病院のユリイカ/番外【オキシフル】

再縫合とかはなかった。傷口に糸が残って炎症を起こしているという。それがカラオケとあいまってかすかに傷口を開いた原因らしい。
(といっても読者にはなぜ喉に切り口があるのか説明していないと思うが……本編を僕が書き続ければいずれわかるであろう。いつのことやら)
耳鼻科の責任者の医師も出てきてのぞき込み、セッシ(ピンセットのことを最近こう呼ぶのか?)をクイクイと傷口に突っ込んで、「ほら、ここに糸あるわ」「でも、奥すぎて抜けませんねえ」とSという担当医と話しながら、痛い痛い処置をする。痛いといっても、痛がりの私が声を出さずに耐えられる程度ではある。
「ま、焼くんだな」「いつも焼いています」
「焼く」というのは、薬品で「焼く」のである。ということは、炎症を酸化させる、ということだろうか。最初聞いたときには、その語感にひぇぇ、と思ったが医師に説明を求めることはしなかった。「焼かれる」とけっこう沁みる。
子どもの頃に転ぶとオキシフルという液体を消毒のために塗られたことを思い出す。あれもジンジンと沁みたが、これで消毒されているんだ、という安心感もあった。オキシフルと赤チンというのは、子どものいる家庭には常備されていたものだが、今は赤チンもオキシフルも姿を消したなあ。

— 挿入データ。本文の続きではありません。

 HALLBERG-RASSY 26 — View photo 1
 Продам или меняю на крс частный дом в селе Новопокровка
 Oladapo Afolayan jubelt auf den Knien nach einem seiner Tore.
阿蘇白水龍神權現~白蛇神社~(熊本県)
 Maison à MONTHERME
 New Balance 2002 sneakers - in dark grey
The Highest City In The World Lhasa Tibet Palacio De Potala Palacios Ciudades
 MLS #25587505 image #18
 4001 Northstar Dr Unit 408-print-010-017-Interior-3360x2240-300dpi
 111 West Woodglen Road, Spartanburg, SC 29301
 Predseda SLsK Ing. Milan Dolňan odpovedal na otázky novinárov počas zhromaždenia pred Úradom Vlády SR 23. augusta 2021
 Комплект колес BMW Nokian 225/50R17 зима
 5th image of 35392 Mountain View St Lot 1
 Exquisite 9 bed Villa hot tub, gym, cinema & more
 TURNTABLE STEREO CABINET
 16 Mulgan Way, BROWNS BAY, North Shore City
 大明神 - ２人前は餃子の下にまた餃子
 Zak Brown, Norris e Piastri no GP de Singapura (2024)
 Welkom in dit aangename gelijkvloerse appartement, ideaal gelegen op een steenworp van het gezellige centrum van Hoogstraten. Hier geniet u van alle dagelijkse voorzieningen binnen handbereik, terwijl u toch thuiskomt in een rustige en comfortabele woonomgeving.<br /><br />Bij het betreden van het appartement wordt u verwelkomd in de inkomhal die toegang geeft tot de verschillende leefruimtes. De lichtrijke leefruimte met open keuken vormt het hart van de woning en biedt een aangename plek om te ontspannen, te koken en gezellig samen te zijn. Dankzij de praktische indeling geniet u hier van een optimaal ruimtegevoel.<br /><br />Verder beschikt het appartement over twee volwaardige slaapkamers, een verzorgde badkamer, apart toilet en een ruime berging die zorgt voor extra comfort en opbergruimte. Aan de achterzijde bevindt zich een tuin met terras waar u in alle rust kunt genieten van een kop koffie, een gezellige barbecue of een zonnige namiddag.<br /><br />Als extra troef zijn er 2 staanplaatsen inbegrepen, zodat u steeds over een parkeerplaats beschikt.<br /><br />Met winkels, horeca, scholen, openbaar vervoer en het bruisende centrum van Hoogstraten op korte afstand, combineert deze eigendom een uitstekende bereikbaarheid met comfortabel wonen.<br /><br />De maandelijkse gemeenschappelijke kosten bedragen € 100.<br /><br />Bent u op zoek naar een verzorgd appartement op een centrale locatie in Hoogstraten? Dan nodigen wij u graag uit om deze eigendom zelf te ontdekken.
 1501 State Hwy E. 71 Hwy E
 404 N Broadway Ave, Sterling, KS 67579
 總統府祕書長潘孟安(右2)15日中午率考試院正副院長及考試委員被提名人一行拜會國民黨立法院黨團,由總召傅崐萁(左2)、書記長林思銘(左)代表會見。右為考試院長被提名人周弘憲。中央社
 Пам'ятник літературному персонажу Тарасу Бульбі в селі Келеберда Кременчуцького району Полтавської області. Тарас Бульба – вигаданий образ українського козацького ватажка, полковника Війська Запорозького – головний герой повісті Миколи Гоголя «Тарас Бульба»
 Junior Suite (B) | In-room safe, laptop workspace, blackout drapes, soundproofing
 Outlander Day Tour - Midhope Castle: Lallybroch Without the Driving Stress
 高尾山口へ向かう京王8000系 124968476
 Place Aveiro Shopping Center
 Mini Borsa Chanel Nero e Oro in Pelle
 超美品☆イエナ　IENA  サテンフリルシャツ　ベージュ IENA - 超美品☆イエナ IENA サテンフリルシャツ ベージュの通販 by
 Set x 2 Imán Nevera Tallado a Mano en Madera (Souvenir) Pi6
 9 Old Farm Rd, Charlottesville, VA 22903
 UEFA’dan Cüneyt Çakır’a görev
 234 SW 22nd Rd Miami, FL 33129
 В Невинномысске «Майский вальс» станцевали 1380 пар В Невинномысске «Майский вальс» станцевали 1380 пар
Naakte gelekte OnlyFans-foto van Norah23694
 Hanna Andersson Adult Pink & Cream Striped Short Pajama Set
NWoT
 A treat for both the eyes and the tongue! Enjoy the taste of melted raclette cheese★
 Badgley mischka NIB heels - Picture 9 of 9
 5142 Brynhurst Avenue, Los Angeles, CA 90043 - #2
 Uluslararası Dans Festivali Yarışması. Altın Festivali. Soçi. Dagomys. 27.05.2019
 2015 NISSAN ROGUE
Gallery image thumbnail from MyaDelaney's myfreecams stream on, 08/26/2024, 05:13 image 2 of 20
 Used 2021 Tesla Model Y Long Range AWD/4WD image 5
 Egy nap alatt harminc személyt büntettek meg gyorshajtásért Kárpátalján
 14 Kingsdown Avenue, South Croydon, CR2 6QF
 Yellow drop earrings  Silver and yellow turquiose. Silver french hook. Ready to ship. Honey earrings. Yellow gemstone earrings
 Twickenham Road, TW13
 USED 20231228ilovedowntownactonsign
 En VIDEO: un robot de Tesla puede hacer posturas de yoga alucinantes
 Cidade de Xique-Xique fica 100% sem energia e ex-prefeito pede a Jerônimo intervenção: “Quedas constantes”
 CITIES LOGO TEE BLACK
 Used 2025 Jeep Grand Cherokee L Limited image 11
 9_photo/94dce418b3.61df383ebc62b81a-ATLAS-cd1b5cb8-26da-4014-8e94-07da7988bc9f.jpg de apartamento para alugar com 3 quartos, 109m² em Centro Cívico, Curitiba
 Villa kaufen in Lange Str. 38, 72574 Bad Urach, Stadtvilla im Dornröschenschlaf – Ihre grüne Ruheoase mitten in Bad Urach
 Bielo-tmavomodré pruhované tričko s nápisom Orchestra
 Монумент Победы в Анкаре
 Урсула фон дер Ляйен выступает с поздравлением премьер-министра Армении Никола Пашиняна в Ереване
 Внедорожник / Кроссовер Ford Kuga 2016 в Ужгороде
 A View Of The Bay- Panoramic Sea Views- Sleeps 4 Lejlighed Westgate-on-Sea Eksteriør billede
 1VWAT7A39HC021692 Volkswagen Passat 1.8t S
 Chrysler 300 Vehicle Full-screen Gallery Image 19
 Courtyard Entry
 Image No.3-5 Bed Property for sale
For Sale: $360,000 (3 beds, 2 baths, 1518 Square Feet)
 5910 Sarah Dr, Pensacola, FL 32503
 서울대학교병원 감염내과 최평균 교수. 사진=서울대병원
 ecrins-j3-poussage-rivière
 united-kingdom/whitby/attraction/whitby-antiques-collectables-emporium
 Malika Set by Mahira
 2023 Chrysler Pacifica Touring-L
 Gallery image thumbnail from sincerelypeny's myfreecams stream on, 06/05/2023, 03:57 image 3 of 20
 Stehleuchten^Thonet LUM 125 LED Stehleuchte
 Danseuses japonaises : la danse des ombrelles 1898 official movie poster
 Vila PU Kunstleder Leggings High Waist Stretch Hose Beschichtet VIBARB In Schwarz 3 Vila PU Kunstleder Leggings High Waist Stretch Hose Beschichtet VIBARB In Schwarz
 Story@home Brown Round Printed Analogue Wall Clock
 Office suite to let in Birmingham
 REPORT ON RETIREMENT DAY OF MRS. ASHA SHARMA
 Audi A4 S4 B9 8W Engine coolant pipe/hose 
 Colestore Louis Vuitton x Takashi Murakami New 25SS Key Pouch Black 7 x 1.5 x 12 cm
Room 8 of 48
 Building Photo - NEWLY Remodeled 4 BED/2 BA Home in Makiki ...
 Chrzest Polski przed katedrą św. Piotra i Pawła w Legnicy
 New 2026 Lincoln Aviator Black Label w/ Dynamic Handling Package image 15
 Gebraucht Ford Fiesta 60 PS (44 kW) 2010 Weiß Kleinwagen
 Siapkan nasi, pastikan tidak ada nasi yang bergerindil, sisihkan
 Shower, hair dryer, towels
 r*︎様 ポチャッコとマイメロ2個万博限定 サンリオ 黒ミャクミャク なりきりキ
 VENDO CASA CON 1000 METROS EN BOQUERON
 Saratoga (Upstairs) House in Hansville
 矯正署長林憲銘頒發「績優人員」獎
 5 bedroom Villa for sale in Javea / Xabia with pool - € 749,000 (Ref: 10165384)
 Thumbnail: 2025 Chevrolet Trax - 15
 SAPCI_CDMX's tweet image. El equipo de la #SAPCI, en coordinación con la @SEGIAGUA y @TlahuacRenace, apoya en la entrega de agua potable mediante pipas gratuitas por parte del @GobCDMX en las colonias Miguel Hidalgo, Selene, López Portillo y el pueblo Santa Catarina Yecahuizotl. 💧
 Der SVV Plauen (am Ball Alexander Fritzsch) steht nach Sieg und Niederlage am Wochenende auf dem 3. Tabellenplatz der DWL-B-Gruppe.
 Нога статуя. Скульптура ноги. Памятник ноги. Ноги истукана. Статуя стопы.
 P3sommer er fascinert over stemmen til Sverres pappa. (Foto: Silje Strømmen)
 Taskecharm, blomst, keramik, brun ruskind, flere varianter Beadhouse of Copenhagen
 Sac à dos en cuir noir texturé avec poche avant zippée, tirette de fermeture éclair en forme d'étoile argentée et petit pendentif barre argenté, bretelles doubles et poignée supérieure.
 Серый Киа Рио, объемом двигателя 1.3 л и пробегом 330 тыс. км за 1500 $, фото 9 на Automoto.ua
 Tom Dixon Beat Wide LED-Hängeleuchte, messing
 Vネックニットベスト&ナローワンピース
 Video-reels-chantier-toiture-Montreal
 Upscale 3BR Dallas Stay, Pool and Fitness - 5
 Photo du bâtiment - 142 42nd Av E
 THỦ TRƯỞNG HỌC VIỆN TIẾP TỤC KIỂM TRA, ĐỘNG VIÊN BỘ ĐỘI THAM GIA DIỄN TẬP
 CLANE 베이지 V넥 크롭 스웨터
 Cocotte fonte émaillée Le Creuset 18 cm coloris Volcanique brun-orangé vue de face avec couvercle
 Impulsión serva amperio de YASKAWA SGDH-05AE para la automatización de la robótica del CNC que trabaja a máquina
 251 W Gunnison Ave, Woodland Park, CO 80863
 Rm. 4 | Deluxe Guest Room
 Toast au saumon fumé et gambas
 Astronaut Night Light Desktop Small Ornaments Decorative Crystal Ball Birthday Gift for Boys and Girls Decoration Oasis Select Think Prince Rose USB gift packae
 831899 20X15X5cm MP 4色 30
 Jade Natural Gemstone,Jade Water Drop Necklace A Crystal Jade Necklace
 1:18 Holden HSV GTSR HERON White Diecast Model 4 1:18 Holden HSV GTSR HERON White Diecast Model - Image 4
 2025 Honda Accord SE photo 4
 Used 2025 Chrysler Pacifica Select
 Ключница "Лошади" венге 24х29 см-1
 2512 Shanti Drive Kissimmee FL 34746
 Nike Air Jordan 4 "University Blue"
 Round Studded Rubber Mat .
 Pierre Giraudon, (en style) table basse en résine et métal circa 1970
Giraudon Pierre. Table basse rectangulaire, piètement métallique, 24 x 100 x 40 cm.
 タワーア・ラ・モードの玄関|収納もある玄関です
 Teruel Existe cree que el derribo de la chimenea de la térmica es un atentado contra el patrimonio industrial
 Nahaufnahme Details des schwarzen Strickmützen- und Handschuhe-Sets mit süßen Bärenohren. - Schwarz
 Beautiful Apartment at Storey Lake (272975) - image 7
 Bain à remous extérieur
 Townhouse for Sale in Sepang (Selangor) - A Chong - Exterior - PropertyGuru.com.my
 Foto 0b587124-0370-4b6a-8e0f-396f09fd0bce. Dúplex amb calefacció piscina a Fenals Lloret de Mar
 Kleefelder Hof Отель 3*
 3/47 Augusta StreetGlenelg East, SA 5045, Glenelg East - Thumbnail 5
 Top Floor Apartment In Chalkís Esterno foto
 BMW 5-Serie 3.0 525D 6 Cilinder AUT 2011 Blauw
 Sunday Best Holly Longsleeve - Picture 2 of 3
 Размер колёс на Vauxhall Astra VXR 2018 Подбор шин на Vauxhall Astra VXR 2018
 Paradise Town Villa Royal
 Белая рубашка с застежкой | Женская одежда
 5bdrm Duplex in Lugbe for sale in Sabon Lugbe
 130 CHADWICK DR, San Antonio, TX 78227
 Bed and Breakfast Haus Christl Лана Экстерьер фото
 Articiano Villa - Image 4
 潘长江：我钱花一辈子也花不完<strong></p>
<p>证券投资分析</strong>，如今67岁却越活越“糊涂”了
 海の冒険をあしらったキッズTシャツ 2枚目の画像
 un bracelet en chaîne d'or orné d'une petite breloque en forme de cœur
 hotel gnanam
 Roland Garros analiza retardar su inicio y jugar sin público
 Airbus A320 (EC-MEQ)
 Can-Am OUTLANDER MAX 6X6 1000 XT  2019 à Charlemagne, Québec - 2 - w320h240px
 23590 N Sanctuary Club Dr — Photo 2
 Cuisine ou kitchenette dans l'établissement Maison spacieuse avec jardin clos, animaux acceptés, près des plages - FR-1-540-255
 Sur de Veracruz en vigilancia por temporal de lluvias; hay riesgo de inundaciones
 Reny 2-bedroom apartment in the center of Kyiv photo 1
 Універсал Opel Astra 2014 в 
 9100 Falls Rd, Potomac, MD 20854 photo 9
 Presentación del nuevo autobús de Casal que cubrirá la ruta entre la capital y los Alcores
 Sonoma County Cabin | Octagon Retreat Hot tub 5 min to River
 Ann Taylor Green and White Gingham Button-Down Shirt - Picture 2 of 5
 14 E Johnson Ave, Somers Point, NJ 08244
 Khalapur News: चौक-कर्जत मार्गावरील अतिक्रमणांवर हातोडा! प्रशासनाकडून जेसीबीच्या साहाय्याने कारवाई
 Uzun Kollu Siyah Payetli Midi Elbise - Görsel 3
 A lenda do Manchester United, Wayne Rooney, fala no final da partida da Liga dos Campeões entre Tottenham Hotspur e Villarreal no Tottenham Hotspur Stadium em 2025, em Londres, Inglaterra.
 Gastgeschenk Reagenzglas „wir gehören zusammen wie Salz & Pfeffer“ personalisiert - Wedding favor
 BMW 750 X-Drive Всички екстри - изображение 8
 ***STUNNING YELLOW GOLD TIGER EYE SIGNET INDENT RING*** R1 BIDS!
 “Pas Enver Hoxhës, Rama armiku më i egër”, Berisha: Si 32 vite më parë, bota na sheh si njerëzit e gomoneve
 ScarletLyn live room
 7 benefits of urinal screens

結局、しばらく毎日通うこととなった。「それとも、5日ほど入院しますか? 抗生物質を点滴すればすぐ治りますよ」「ま、毎日通います(この程度で入院なんて冗談でしょ)」
新しい抗生物質を処方された。以前から出ているクラリスと重ねて飲めということだ。
「この炎症はほうっておくと深刻なことになるのですか?」「まあ、だんだん悪化すると口がどんどん開いてきて、縫い直しになりますね」(ひぇぇ)
「縫い直し」という言葉に私の心はぴくぴくと震えた。しかし、Sの言葉には微妙な脅迫や誇張が含まれていることがある。私を従順な患者として調教しようとしているのだ。「縫い直し」の危険を正確に評価することは難しい、と私は思った。